DGIV fordert umfassende Vergütungsreform

 „Die Probleme sind adressiert, aber sie sind nicht in die Umsetzung gekommen.“ So lautet das Fazit von DGIV-Chef Professor Eckhart Nagel nach einem Jahr Ampelkoalition. Das erste Jahr einer Legislatur sei das Entscheidende. Daher betrachte auch die DGIV mit Unverständnis und Sorge betrachtet, wie sich Reformpläne konkretisieren und dass man das nur aus Papieren erfahre, sagte Nagel.

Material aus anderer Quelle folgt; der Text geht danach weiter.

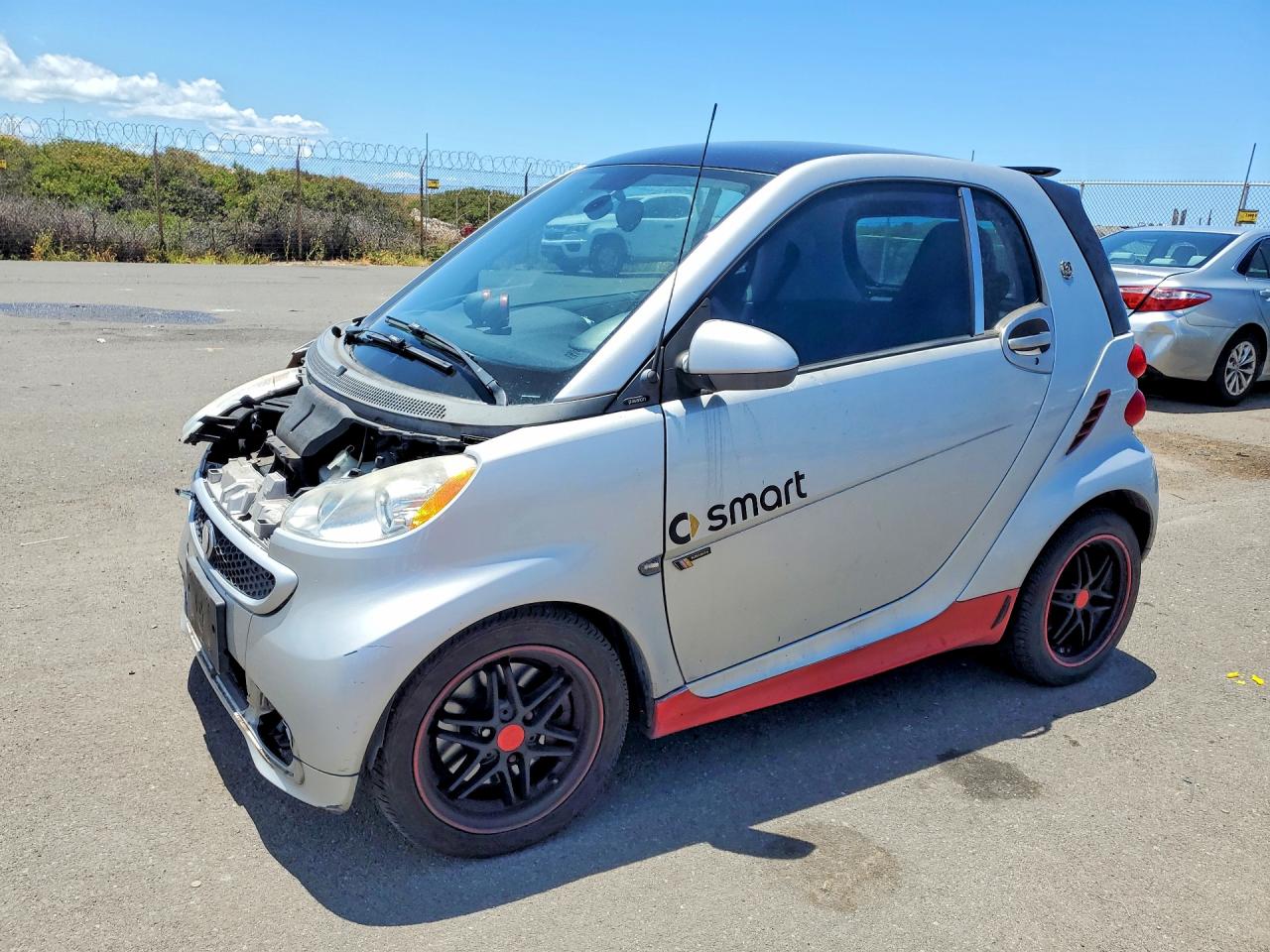 WMEEJ3BA5DK683402 · 2013 SMART FORTWO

Für besonders dringend hält die DGIV eine umfassende Vergütungsreform. Dies sollte nicht nur im Krankenhaus gelten. Auch in der ambulanten Versorgung würden GOÄ und EBM das Geleistete nicht abbilden. Es fehle ein integriertes und einheitliches Vergütungssystem über alle Versorgungsbereiche hinweg. Auch die Vergütung in der Heil- und Hilfsmittelversorgung sei nicht sinnvoll geregelt, so die DGIV. Die Reform dürfe nicht an Sektorengrenzen halt machen. Statt sporadischer Interventionen fordert die DGIV ein klares Zielbild und Planungssicherheit. Die aktuellen Maßnahmen seien jedoch in keinerlei erkennbares Gesamtkonzept eingebettet.

Kassen und Kliniken sehen vertane Chancen

 Daniela Teichert vom Vorstand der AOK Nordost forderte vom Gesetzgeber einen Rahmen, der den Akteuren vor Ort Gestaltungsfreiheit lasse. „Wir wünschen uns, dass regionale Versorgungsplanung durch die Partner möglich ist und keine zentrale Regelung kommt“, sagte sie. Auch ihr fehlen bisher die großen Würfe. „Die stehen auch noch nicht auf der Agenda“, meint die Kassenchefin. Alle Punkte seien benannt, würden aber bisher nicht angegangen.

Dr. Gerald Gaß, Vorsitzender der Deutschen Krankenhausgesellschaft vertrat zwar die Auffassung, dass die Krankenhäuser zurecht im Fokus der aktuellen Reformen stehen würden, stimmte aber in die Generalkritik ein: „Das erste Jahr ist aus unserer Sicht eher enttäuschend, weil eine Vielzahl von Chancen nicht genutzt wurde.“ So seien Chancen zur Gestaltung der Ambulantisierung vertan worden, weil DKG und KBV zu Beginn des Jahres in Fragen der „ein Stück weit zusammengerückt“ waren. „Da hat es eine Annäherung gegeben, die der

Politik nicht hätte entgehen dürfen. Aber das ist passiert, weil Minister Lauterbach kein Zutrauen zur Selbstverwaltung hat“, sagte Gaß. Stattdessen habe er eine Regierungskommission gegründet, die „maximal intransparent hinter verschlossenen Türen“ agiere. Das sei verlorene Zeit und der Protest der Länder vorprogrammiert, weil sie nicht einbezogen würden. „Dann fangen wir bei der nächsten Bundestagswahl wieder von vorne an“, sagte Gaß. Diese Zeit habe man aber nicht mehr.

Stillstand in der Digitalisierung?

Auch in der Digitalisierung sei das vergangene Jahr ein vertanes Jahr, kritisierte Dr. Georg Münzenrieder aus dem Bayerischen Staatsgesundheitsministerium. „Die Mehrwerte kommen nicht an. Sie werden nicht gesehen, weder bei den Leistungserbringern noch bei den Bürgerinnen und Bürgern.“ Für sich betrachtet brächten die einzelnen Elemente ePA oder eRezept wenig. „Der Mehrwert ergibt sich aus dem Zusammenspiel. Dazu muss das System sicher laufen und das tut es im Moment noch nicht.“

Münzenrieder forderte eine Diskussion darüber, ob es analog zum Krankenhauszukunftsgesetz ein Praxiszukunftsgesetz geben müsse. Dringend nötig sei für die Digitalisierung ein einheitlicher Rahmen, der fachliche, technische und organisatorische Aspekte zusammenführe. Ob diese Digitalagentur die Gematik sein könne, müsse ebenfalls geprüft werden. zumindest müsse sie einen anderen Namen erhalten.

Eine „digitale Pause“ hat auch Dr. Eckhard Oesterhoff von Philips Deutschland nach dem Regierungswechsel beobachtet. „Im Formulieren von Zielstellungen sind wir gut, aber im Tun eben nicht“, sagte er. Enttäuscht zeigte er sich auch von den neu vorgelegten Eckpunkten zur Digitalisierungsstrategie. Das Papier schweige sich darüber aus, wer wann wie was tun solle.